The head of the federal agency that investigates refinery accidents agreed.

“We are very concerned about this particular industry,” said Rafael Moure-Eraso, chairman of the U.S. Chemical Safety Board. “We are continuing to see fires, explosions and people killed. We feel there has to be a better way to systematically approach the safety issues in this industry.”

Lynn Westfall, a spokesman for San Antonio-based Tesoro, declined to comment on the investigation or fine. The company has 15 days to appeal.

The refinery, about 70 miles north of Seattle, is restarting operations this week and expects to be at capacity by Oct. 15. Tesoro officials met Monday with regulators to discuss the fine and citations.

“We’re going to review the citation very thoroughly and continue to have a dialogue with L&I on areas where we might disagree,” Westfall told The Associated Press.

Labor and Industries is just the first of several agencies investigating what went wrong.
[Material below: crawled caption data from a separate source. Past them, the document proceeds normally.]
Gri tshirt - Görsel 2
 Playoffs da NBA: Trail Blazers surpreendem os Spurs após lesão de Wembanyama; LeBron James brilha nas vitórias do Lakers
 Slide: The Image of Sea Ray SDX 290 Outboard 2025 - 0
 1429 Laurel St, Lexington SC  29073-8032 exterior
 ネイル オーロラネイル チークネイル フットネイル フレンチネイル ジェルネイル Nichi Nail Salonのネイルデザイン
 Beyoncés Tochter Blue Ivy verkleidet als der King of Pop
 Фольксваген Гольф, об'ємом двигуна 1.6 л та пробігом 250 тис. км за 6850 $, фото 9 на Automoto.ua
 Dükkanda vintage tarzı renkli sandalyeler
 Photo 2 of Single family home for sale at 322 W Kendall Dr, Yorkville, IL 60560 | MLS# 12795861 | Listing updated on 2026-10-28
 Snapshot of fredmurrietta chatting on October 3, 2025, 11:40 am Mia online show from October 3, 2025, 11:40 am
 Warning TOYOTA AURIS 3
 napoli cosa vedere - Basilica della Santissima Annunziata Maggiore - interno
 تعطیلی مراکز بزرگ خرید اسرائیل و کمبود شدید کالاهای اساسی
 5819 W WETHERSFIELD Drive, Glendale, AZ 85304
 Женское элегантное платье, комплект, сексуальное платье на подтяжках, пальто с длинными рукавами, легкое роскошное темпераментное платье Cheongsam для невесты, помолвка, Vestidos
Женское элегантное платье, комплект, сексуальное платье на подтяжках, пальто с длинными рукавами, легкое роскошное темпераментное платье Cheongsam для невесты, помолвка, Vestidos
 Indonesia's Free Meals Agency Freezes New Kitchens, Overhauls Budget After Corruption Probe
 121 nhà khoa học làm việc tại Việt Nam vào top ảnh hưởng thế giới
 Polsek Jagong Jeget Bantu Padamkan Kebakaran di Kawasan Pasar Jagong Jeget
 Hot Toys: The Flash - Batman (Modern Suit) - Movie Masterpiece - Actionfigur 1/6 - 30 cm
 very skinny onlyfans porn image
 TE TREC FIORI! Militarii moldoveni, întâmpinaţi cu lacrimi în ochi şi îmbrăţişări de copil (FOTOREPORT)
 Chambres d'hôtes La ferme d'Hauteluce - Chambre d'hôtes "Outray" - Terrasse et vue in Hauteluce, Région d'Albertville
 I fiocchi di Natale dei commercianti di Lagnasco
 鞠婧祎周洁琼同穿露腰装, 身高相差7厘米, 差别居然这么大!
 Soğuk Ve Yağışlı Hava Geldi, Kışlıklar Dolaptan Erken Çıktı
The federal Chemical Safety Board’s own review isn’t expected until early next year. The federal Environmental Protection Agency, according to Tesoro’s Securities and Exchange Commission filings, is also investigating.

On Monday, Silverstein said his inspectors determined the Anacortes accident was caused when a 40-year-old steel heat exchanger ruptured and spewed vapor and liquid that immediately exploded. Tests showed welds in the exchanger had developed cracks over the years. The rupture occurred along those weak points as the equipment was coming back online after maintenance.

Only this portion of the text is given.